Not to say the transfer between video games and movies is always easy. Video games are 20-hour action sequences with no effects budget, often with completely bat-shit concepts or no plot to be seen. These differences can easily explain why Street Fighter, Super Mario Bros., and Double Dragon are awful films.

In the same camp, Hollywood gives video game movies tiny budgets, no-name actors, or Uwe Boll to direct it. That man alone may have genocided half the genre. Seriously, look at the number of promising titles he’s ruined. It’s staggering.

Just passing through. Don't mind if I ruin a franchise while I'm here, right? Via Jeffrey Mayer

Just passing through. Don’t mind if I ruin a franchise while I’m here, right? Via Jeffrey Mayer

However, there have been one instance when a studio got an A-lister, a game with a meaty story, and a budget to back it. Then the movie pooped the bed. Max Payne.

At its core Max Payne is a step-by-step blueprint for how Hollywood tends to ruin an adaptable game.

Step 1: Change the Story

The story is already written in Max Payne: a hard-boiled cop turns even more so after his family is murdered by drug addicts. Years later, after his cover is blown as an incognito cop, Max begins an all-out assault on the local crime bosses while working his way to the most powerful people in the city on a path littered with hidden truths.

Here’s what Hollywood said:

Let’s throw in devilish Valkyries because that’s what the drug in the game was called, and make it look like Marky Mark is battling demons. Oh, and we’re gonna change give you an ending designed for a sequel. Is that okay? (Long silence) Noooooooooooo?

-Hollywood Smarminess

Step 2: Action (AKA What Makes the Game Fun)

The action in Max Payne is simple and efficient: gunplay with the addition of bullet time. Naturally, you’d assume the movie would be a John Woo-type action fest.

Wrong again, you hopeful but naïve bastard.

While there are one or two shots that prominently feature bullet time, the gunplay is lacking at best. Oh, and what’s supposed to be a harrowing showdown between Max and a drug-fueled menace with a sawed-off shotgun turns into Max engaging him in hand-to-hand combat.

Against a shotgun.

Note to all future director’s: Shotgun vs. machete fights are not sexy.
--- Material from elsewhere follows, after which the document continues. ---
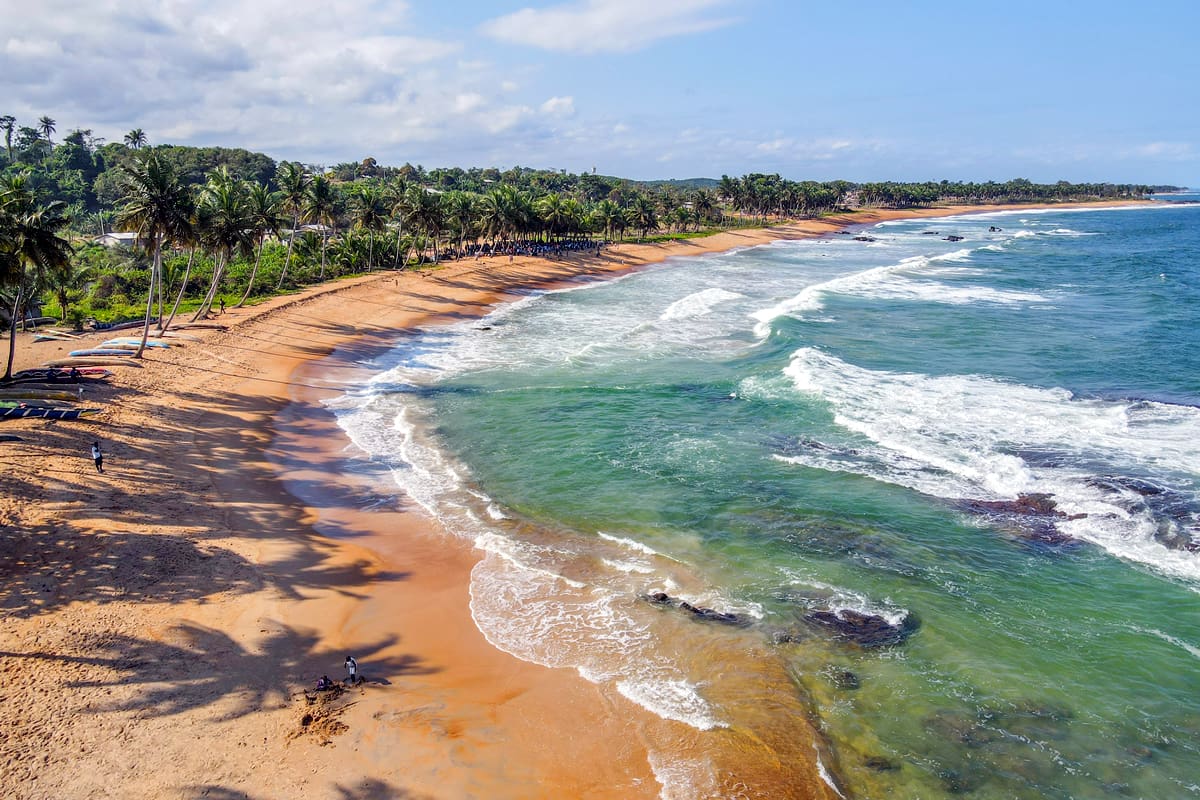 Palm-fringed Ivory Coast beach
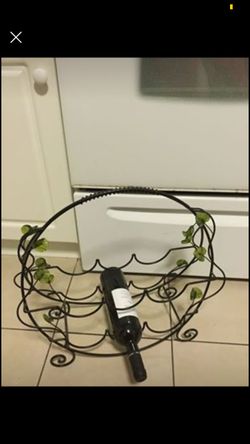 Metal countertop wine rack storage. Holds 6 bottles of wine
A machete ON a shotgun? This Legoman's got it right. Via Flickr

A machete ON a shotgun? This Legoman’s got it right. Via Flickr

Step 3: Ignore the Most Cinematic Elements of the Game (WARNING: Spoiler Heavy)
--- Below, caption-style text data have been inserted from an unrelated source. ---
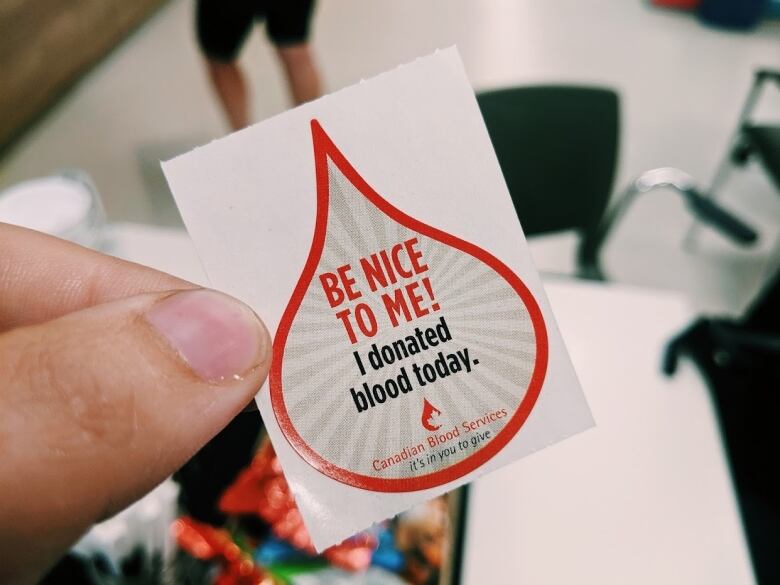 Close up of a sticker that says, 'Be nice to me! I donated blood today.'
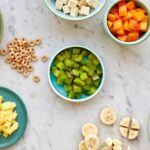 Bowls filled with finger foods arranged on a countertop, including banana slices, diced chicken, cheese cubes, and more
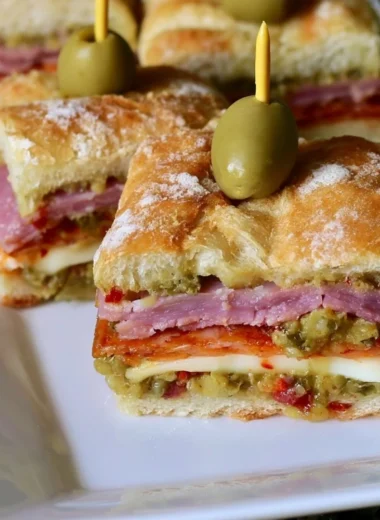 New Orleans style muffaletta sandwich bites with olives and meats.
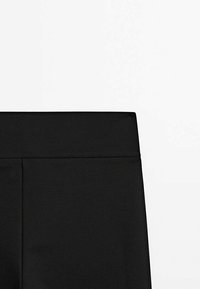 Legging noirs avec une taille élastique lisse. Le tissu a une finition mate et des détails de couture minimaux sur la taille.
At the end of Max Payne the game, Max rushes up a corporate tower to take out the Big Bad. Now at the peak of the building and with his prey escaping via helicopter, Max realizes the radio tower above is about to be blown over by the wind. In quick succession, he disconnects the remaining cables with a sniper rifle and watches as the tower crushes the chopper in a massive explosion.
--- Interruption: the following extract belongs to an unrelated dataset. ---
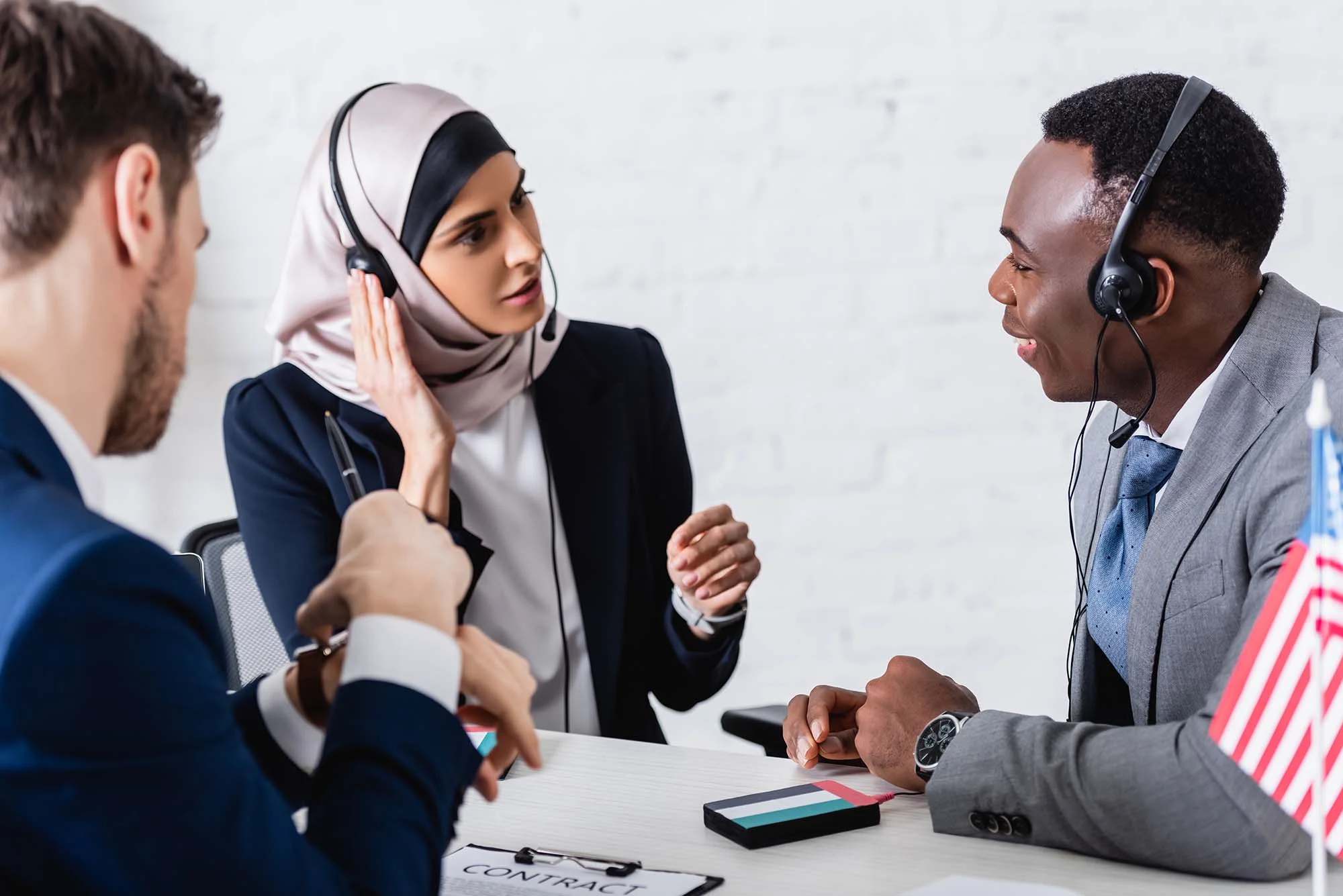 Three customer service representatives in business attire and headsets having a discussion at a desk with a contract and American flag.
Max Payne the movie ends with the biggest bad getting away and the lesser bad dying from injuries on a roof.

Zzzzzzzzzzzzzzzzzzz…

What? Oh, I’m sorry. Was I supposed to be paying attention?

Read more by Reel Fitness here.

 

 “Twit,” My Gut Says: Twitter Stumbles Onto TV

by Meme-osa

It seems that the two most common jumps in media are to TV or film, and most of those moves are from those two platforms or literature. You occasionally see jumps from the following:

  • Video Games, often to the initial delight and subsequent horror from fans
  • Real Life, sometimes with enough creative liberties to alter the story into an unrecognizable form
  • Stand-up Comedy, which you see tagged during many sitcoms starring a comedian (e.g., Seinfeld, The Bernie Mac Show, Everybody Loves Raymond)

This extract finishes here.